The biggest screen in Texas, or so this theater boasts.

Southlake's neighbor to the west is Keller, and Keller Town Center is, again, mixed use.

A companion building.

We've drifted 15 miles northeast, to Legacy Business Park, which occupies 2,700 acres in Plano. This prairie fantasy is the home of Dr Pepper, which in 1885 was concocted in Waco, 100 miles to the south.

We've come to look at the Legacy Town Center, which surrounds this almost manageably-sized pond.

Hotel on the right, apartments on the left.

The pedestrians have spilled over from the mixed-use development behind the camera.

Here's a view of Bishop Avenue, the development's instant Main Street.

Again, uses are mixed.

The design invites people to walk or sit outdoors, although most of the sitting space is for customers only.

North of Legacy and still gathering steam in 2007, this is Frisco's town center, begun on a 400-acre site in 1999.

It looks like it was built a century ago, but it wasn't.

A close-up.

The irony is that in five minutes you can walk from that new town center to Frisco's real town center, or at least what used to be Frisco's town center. This was a town of 1,200 in 1960. Since then, the streets have been repaved and the light poles have been replaced, but the main street shops have suffered.

A bit of that older Frisco.

Time to move on: here's the contemporary American imitation of urban life. We're in Garland, on the east side of the metro. This is Firewheel Town Center, a Simon Property Group undertaking.

The plaza in the previous picture is on the right here. Those buildings on the left are apartment buildings, except for the garage about half-way down.

The north side of the plaza has this mixed-use block.

What used to be the crossing in a mall now looks like an old-fashioned streetcorner.

The Macy's in the distance is a good reminder that this town has a lot in common with a mall that's lost its roof and allowed cars to park on its floor.

A newer addition a few miles away: Watters Creek in Allen, where the street layout departs from the habitual grid and instead meanders like an English high street.

Watters Creek has an actual creek, carefully tended and here with an overlooking apartment building. Unusually, it also has a high-end supermarket.

The same creek, this time looking back toward the commercial area. Think the water recirculates? I'm betting that the answer is yes.

Meanwhile, New Urbanist developments are being built close to many DART stations.

Here's the Cedars Station.

Here's an apartment building a few blocks away (and facing an old Piggly Wiggly, long closed but with a still legible sign).

Even closer to the DART station is this huge old Sears catalog warehouse, now a combination of apartments upstairs and offices and studios down. The building looks a lot like the Higginbotham building shown in the Downtown III folder. That's because the architect was the same: Lang and Witchell.

Here, close to NorthPark, is the Mockingbird Station, opened in 2001. In the background is an old Western Electric warehouse.

The roof has been raised and the building turned into a combination of shops and lofts developed by a local architect/developer named Ken Hughes.

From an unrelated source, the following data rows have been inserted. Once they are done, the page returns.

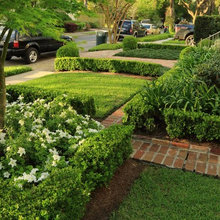 Landscape Ideas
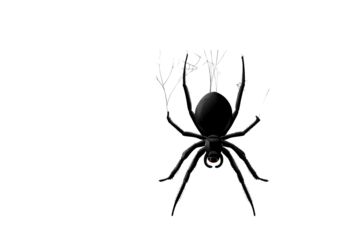 Realistic black spider with detailed legs and body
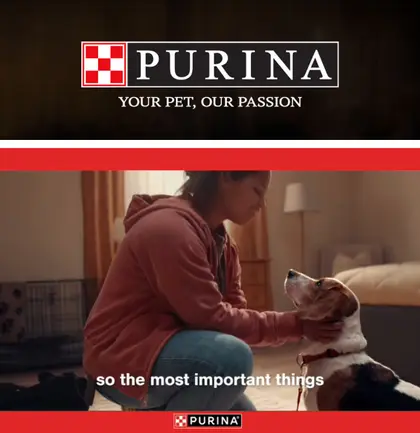 Del Sol Market Purina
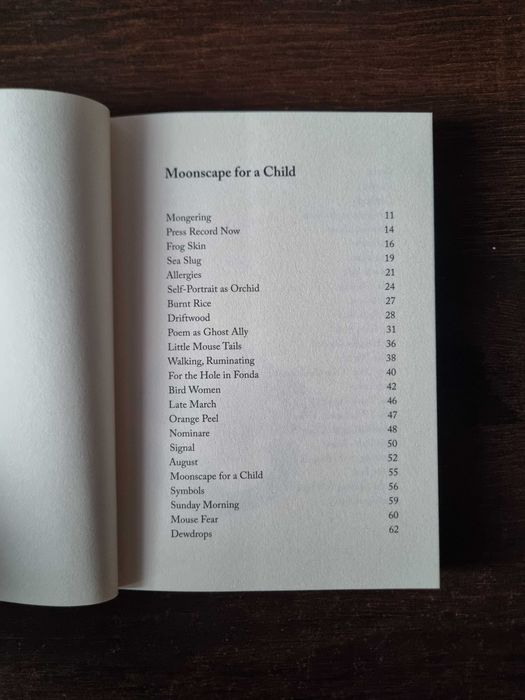 Moonscape for a child Rigby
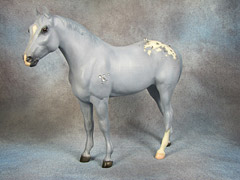 Lot 20 - 'Appaloosa Twill' QH Yearling in blue denim with diamond bling spots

A European investment group bought the development in 2005 and sold it ten years later to CBRE, a mega-realtor.

A block to the east, an old Dr Pepper bottling plant has been razed and replaced with this retro apartment block, with shops on the ground level.

Nearby, an apartment block from the 1970s awaits the wreckers.

They've already been here.

They're not quite finished here.

The sign promises yet another town center. To accommodate the builders here, DART has amended its plans to include a Lake Highlands Station.

It's hard to know how far the centripetal pendulum will swing in Dallas, but the New Urbanist impulse is certainly strong. Here's a final example. It comes from Bartonville and stands on what had been very low-intensity ranch land just west of Lantana.

Maybe it will work; maybe it won't, but think of the towns that popped up on the plains a century ago. Some of those worked; others didn't.